I have rgb image (let's call it test.png ) and corresponding 3D cloud points (extracted using stereo camera). Now, I want to use depth information to train my neural network.
Format for 3D point cloud is
.PCD v.7 - Point Cloud Data file format
FIELDS x y z rgb index
SIZE 4 4 4 4 4
TYPE F F F F U
COUNT 1 1 1 1 1
WIDTH 253674
HEIGHT 1
VIEWPOINT 0 0 0 1 0 0 0
POINTS 253674
DATA ascii
How can I extract depth information from the point cloud and instead of using rgb image I can add one more channel for depth and use RGBD image to train my network?
For example: point cloud information (FIELDS) for two pixels is given as:
1924.064 -647.111 -119.4176 0 25547
1924.412 -649.678 -119.7147 0 25548
According to the description, they're point in space that intersects that pixel (from test.png) has x, y, and z coordinates (relative to the base of the robot that was taking the images, so for our purposes we call this "global space"). (From the Cornell grasp dataset)
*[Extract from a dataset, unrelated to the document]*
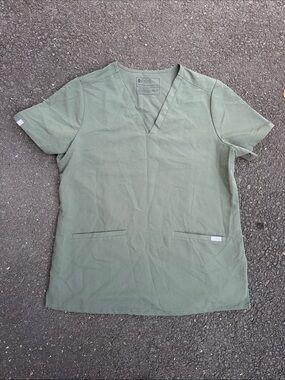 FIGS women’s  Olive V-Neck Scrub Top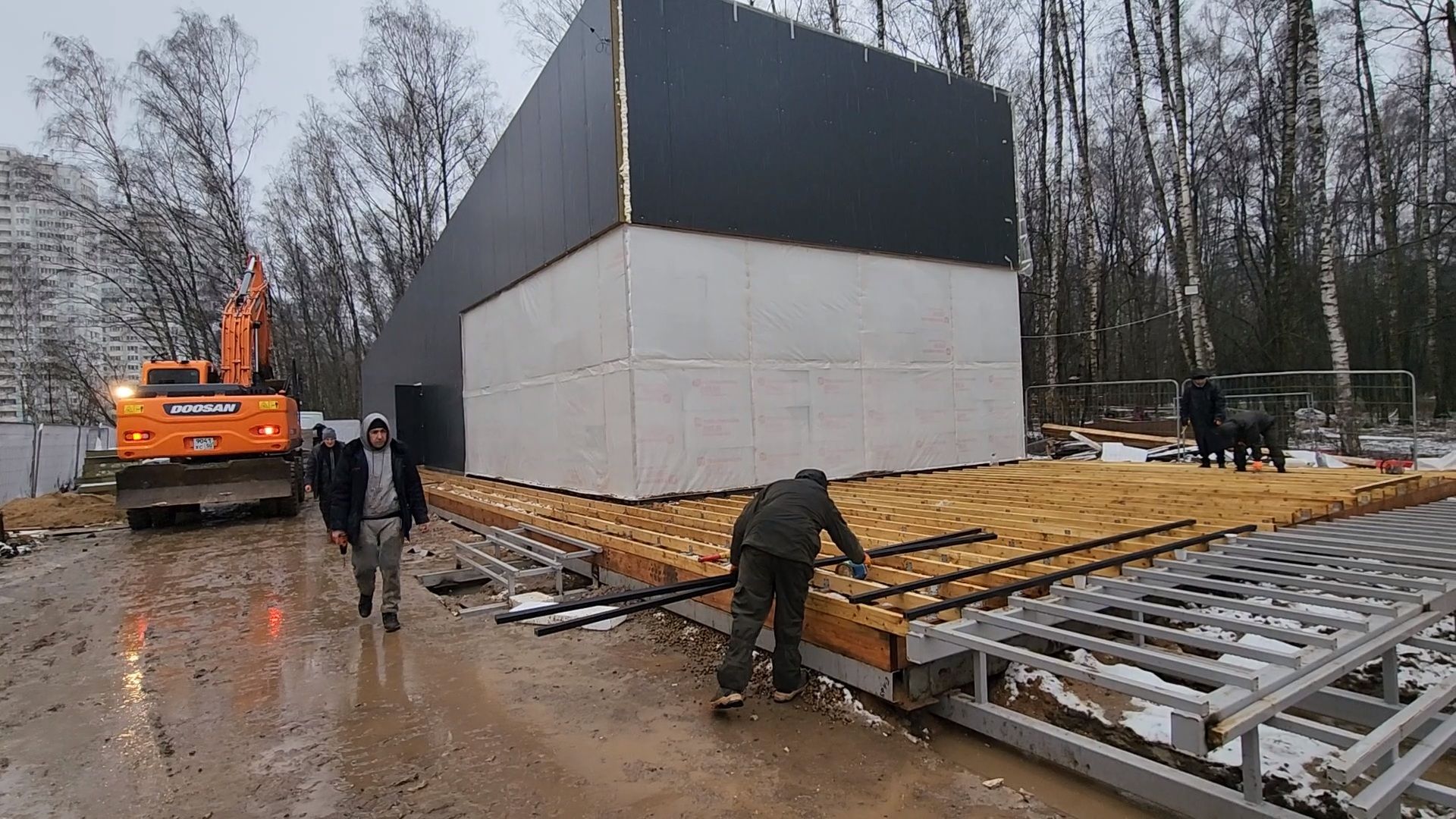 чехов,микрорайон губернский, лесопарк, строительство, благоустройство, универсальный павильон, летняя веранда, терраса, основание под веранду, проходы и проезды, пешеходные зоны, фасадные работы, инженерные сети, канализационно-насосная станция, видеокамеры,  серверная, кафе,госпрограмма московской области, формирование комфортной городской среды,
You can tell which pixel each line refers to by the final column in each line (labelled "index").
That number is an encoding of the row and column number of the pixel. In all of our images,
there are 640 columns and 480 rows. Use the following formulas to map an index to a row, col pair.
Note that index = 0 maps to row 1, col 1.
row = floor(index / 640) + 1
col = (index MOD 640) + 1